何がどう作用しているのかは分からないが、敷地内で雨のよく当たる場所に薪材である丸太を放置しておくと、およそ2年くらい経った頃からキクラゲが自然に生えてくる。
キクラゲ自生を知ったのは、約8年前。近所の駐車場に1年ほど放置されていた直径50cm、長さ120cmほどのムクの丸太を3本、拙宅の屋外駐車スペースに運び込んだことに始まる。
「そのうち玉切りして割るべ」
と思っていたのだが、何だか面倒くさくてそのままにしておいた。だって、ムクって樹は、なかなか割れねぇんだもん。火持ちの良さは抜群だけど…。
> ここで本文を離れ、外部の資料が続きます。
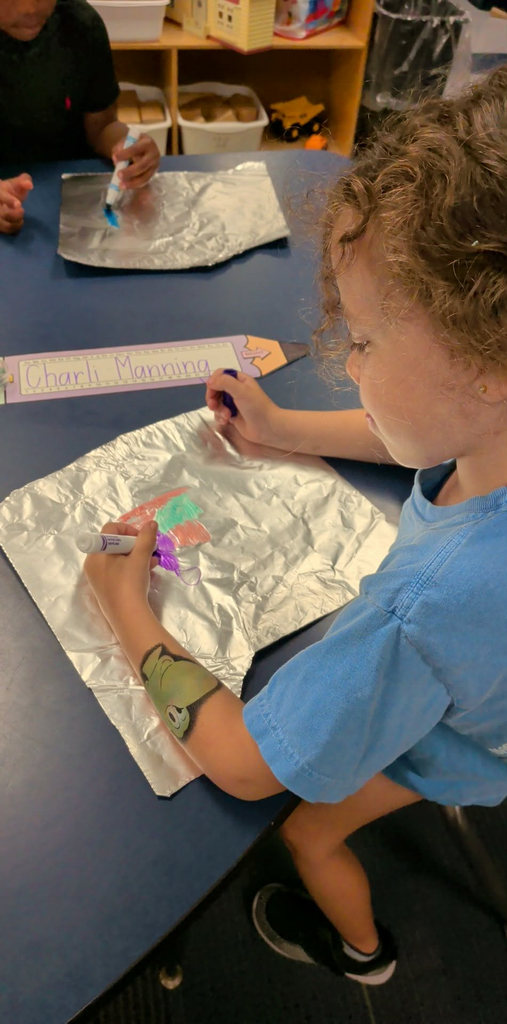 A child paints on aluminum foil with a marker at a blue table, surrounded by other students.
それから1年ほど経過したある日、放置したムクの丸太から黒くてブニュブニュっとしたキノコらしきものが生えているのを発見した。
「なんだこりゃ。あーあ、キノコ生えて来ちゃったよ」
最初はその程度にしか思わなかった。そしてその黒くてブニュブニュっとしたものは、一雨ごとに大きくなっていった。
「なんだかキクラゲみてぇだなぁ」
色が赤みがかってきたが、大きくなってきたキノコらしきものは、どう見てもキクラゲであった。数も増え、丸太のあちこちから顔を出している。中華料理屋さんの五目焼きそばに入っているキクラゲとそっくりだ。
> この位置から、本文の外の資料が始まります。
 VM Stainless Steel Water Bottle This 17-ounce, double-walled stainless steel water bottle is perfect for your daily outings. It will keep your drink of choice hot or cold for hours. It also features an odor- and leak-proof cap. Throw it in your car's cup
でも、キノコは怖い。うっかり口にして下痢する程度ならまだいいが、ポックリ逝くのはイヤだし、笑い出したら止まらなくなってしまうかも知れない。
早速書店でキノコの図鑑を調べてみた。ウチに生えているのは、やっぱりキクラゲらしい。そしてキクラゲの仲間に毒を持っているものはないことも知った。どうやら食っても大丈夫そうだ。
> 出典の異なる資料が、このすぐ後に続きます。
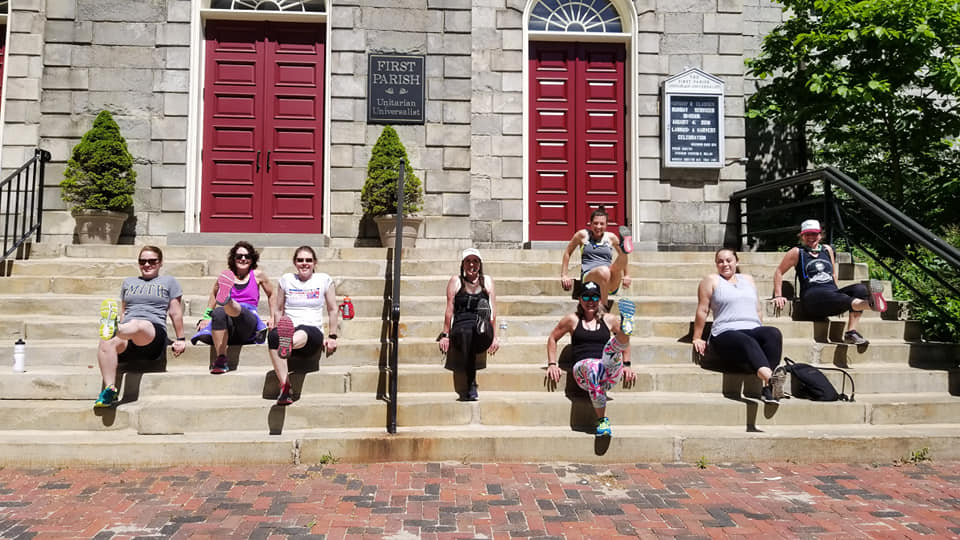 group on church steps doing tricep dips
念のため、キノコ狩りを趣味としているおじさんにも、現物を見てもらった。
「これ、キクラゲじゃん。珍しいね、天然のキクラゲなんて。どこで手に入れたの?」
「ウチの駐車場に置いてある木に生えてるんです。いっぱい」
「えっ! ホント!?」
話によると、キノコ仲間の間でも天然キクラゲは貴重な存在らしい。沢山生えているので、ビニール袋いっぱいに採取して渡したら、たいそう喜んでくれた。毒味のつもりで渡したのだが、
「とても美味しかった」
と、感想も頂戴した。
美味しいのか。んじゃ、おいらも食ってみんべ。
軽く茹でた後、キャベツや豚肉と一緒に炒めて食った。
「う、うまい!」
表面にぬめりがあるが、乾燥キクラゲとは明らかに異なる食感で、ちょっとコリコリしているし、これまで食べたどのキクラゲよりも味がしっかりしている。薪ストーブ生活に、こんな楽しみがあろうとは、思っても見なかった。
これまでキクラゲの発生を確認した樹種はムク、ケヤキ、クス、エノキ等で、最も沢山生えたのはムクで、太いほど良い。
現在、拙宅の敷地には、一昨年入手した薪材の丸太が山積みされているが、その中の数本(ケヤキとエノキ)からキクラゲが生えている(写真参照)。
このところ晴天が続いたので、乾燥しカサカサ状態で縮こまっているが、雨の日にはびびろーんと大きくなる。
梅雨時と秋雨の時期は、キクラゲがよく育つ。今、食欲の秋である。